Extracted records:

────────────────────

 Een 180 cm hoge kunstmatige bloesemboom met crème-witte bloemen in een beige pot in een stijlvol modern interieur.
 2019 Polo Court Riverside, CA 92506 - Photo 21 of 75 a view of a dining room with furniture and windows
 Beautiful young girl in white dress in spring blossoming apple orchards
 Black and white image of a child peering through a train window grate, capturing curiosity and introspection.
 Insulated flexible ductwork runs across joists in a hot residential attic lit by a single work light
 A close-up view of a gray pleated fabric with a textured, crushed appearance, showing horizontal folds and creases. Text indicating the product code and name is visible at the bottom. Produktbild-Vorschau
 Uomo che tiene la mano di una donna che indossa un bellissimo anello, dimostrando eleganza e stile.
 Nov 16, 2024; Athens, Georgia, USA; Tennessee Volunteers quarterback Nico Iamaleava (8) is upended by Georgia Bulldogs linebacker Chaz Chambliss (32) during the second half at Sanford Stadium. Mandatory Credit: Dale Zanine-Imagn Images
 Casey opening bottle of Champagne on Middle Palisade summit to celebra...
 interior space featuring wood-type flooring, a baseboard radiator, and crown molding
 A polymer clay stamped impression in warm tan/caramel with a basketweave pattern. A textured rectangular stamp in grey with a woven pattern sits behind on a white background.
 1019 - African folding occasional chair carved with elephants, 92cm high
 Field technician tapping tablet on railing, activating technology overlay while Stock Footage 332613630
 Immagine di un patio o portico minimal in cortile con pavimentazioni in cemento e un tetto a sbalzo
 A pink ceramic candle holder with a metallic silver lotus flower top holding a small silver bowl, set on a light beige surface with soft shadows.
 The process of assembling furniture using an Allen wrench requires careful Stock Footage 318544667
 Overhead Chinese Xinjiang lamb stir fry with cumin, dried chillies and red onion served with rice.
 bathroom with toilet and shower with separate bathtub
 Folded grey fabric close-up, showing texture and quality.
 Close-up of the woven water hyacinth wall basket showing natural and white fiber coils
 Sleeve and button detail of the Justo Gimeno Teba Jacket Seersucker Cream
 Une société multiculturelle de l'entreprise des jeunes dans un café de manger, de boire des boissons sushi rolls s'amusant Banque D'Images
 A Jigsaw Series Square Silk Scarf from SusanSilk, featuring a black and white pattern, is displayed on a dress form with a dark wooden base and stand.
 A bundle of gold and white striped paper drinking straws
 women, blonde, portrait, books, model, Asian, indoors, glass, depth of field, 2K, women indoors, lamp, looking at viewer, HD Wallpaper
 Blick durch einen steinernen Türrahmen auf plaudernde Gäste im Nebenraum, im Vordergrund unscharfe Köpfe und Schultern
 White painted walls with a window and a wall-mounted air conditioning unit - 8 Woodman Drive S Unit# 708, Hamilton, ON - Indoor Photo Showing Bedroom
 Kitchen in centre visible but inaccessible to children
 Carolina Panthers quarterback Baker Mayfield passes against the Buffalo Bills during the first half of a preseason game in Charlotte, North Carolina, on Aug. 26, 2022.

────────────────────

EXERCISE PROMPT: Only lines with the word "Stock" go in the answer. Take them all from the entries above.

RESULT OF THIS EXERCISE:
 Field technician tapping tablet on railing, activating technology overlay while Stock Footage 332613630
 The process of assembling furniture using an Allen wrench requires careful Stock Footage 318544667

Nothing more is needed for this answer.